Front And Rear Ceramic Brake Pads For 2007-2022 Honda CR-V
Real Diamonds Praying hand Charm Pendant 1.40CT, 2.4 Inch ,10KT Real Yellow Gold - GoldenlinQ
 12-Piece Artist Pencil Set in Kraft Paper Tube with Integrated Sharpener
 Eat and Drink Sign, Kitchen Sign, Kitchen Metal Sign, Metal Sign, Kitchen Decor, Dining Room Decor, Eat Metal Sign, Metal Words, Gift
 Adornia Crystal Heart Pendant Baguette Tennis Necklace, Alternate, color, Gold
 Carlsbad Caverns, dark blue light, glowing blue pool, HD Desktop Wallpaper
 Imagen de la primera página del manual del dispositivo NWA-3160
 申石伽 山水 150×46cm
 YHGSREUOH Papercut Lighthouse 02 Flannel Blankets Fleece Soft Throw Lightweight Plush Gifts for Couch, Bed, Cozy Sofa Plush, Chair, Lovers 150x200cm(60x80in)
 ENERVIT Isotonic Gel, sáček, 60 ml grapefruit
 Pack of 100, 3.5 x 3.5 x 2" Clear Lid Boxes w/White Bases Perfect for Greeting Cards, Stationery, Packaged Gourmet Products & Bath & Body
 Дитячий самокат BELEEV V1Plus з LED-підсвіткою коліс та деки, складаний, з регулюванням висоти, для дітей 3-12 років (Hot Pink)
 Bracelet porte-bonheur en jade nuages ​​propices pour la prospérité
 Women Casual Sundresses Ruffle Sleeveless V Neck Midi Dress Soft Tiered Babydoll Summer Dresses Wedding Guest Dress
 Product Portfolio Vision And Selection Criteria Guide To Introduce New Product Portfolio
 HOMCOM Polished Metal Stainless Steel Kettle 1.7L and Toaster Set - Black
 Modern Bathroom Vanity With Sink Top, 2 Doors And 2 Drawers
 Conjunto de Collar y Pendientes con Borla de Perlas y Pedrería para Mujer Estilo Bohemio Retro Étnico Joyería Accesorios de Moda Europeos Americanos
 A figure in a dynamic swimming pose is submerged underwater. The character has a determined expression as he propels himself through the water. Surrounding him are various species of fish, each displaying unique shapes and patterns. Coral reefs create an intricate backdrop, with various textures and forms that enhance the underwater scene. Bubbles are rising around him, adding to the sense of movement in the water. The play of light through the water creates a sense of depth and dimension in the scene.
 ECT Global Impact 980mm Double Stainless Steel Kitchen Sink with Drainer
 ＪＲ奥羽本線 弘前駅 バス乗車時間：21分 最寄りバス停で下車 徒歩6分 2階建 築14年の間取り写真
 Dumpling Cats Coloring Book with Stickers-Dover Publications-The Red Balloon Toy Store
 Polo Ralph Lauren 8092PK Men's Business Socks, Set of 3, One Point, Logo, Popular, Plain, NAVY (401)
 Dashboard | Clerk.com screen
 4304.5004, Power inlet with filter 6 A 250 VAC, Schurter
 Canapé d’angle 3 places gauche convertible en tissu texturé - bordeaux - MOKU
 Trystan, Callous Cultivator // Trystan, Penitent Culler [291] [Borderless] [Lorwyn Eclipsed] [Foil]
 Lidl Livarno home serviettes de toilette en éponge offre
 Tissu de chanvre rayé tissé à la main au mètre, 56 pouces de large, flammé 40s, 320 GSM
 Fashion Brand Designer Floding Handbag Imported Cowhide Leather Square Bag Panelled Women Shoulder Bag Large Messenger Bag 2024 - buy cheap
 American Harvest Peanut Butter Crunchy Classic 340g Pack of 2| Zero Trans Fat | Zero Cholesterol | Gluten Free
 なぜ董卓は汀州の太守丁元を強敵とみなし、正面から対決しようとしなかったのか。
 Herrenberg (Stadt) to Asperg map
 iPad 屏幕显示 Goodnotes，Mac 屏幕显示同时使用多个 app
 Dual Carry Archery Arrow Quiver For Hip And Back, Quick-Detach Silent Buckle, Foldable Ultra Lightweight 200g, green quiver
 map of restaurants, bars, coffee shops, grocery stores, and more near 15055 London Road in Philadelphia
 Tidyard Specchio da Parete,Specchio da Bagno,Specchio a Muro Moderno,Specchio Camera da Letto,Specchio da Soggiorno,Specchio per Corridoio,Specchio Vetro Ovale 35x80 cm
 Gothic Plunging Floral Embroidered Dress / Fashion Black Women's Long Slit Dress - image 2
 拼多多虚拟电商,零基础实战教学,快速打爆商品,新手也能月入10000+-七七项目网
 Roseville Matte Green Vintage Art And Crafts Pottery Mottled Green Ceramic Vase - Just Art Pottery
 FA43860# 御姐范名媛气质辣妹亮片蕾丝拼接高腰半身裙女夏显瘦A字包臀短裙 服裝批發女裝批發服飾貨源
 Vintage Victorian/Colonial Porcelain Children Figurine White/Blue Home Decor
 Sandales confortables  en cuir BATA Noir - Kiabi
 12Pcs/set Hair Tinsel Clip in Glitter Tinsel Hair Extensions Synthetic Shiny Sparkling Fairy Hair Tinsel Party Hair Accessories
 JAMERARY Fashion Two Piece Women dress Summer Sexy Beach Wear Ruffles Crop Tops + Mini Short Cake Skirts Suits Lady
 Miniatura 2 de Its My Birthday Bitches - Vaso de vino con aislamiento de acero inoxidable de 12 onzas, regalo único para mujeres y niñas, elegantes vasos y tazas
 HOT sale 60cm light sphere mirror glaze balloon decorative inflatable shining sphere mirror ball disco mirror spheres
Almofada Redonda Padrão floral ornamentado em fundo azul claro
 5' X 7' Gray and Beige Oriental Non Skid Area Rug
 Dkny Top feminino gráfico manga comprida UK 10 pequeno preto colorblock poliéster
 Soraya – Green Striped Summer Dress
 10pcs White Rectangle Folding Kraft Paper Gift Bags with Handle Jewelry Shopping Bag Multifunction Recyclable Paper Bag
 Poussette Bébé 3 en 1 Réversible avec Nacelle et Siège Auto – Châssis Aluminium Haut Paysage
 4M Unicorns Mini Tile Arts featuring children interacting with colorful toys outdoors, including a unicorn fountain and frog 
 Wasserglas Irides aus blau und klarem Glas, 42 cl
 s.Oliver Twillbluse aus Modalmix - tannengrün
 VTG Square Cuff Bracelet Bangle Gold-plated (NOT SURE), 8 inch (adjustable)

+ + +

§ **TASK INSTRUCTIONS**
Answer with a single number: the count of lines in the entries that hold the word "White".

§ **ANSWER SECTION**
3